→ WHAT YOU SHOULD DO
Your answer should consist only of the lines below from the one with "Used 2023 Mercedes-Benz" through the one with "ZARA OUTFIT", copied exactly.
DATA FOR REVIEW below:
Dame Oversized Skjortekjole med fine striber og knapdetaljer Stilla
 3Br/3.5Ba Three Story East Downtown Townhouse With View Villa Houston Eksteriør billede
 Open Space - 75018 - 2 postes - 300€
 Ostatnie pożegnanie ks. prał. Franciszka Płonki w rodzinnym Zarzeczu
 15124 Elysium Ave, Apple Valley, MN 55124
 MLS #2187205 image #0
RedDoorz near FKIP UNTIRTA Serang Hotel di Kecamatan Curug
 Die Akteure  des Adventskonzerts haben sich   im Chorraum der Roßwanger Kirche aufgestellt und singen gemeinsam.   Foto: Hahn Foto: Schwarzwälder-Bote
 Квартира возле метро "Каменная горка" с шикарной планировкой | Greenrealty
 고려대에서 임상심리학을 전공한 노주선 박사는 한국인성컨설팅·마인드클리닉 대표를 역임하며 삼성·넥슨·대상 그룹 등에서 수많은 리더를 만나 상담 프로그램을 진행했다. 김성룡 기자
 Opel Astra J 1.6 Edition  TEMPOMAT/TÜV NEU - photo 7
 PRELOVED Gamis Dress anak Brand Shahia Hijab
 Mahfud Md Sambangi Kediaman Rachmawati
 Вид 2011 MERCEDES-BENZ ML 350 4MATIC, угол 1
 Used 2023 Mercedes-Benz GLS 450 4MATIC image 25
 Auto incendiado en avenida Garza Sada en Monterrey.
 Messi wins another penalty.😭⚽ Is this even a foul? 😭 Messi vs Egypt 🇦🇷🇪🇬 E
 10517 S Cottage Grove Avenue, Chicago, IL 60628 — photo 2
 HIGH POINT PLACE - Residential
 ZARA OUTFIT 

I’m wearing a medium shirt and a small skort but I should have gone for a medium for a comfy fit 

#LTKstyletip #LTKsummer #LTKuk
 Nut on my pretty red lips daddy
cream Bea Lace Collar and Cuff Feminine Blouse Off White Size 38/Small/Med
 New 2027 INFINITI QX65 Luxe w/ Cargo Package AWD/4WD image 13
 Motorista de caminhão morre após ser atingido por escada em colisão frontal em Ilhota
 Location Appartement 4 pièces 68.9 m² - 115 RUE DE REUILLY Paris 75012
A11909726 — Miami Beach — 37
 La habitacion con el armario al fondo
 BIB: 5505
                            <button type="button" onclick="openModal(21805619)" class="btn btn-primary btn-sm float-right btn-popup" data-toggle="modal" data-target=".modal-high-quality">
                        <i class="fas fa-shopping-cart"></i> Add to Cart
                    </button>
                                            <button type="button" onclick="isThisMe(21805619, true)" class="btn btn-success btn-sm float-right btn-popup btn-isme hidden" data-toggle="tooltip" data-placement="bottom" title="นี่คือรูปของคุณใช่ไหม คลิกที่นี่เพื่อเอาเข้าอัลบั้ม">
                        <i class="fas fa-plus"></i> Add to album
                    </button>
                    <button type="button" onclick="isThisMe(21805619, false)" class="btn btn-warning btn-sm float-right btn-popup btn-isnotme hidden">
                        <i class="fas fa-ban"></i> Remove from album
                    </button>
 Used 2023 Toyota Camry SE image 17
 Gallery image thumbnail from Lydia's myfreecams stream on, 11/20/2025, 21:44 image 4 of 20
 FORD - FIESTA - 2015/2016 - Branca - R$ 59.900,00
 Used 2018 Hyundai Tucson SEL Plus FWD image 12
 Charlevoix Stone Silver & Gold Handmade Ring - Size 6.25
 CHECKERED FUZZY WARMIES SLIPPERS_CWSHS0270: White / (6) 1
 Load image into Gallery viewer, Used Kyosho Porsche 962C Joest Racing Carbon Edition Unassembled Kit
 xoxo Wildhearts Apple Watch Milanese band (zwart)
End of DATA FOR REVIEW.
→ EXERCISE ANSWER
 Used 2023 Mercedes-Benz GLS 450 4MATIC image 25
 Auto incendiado en avenida Garza Sada en Monterrey.
 Messi wins another penalty.😭⚽ Is this even a foul? 😭 Messi vs Egypt 🇦🇷🇪🇬 E
 10517 S Cottage Grove Avenue, Chicago, IL 60628 — photo 2
 HIGH POINT PLACE - Residential
 ZARA OUTFIT 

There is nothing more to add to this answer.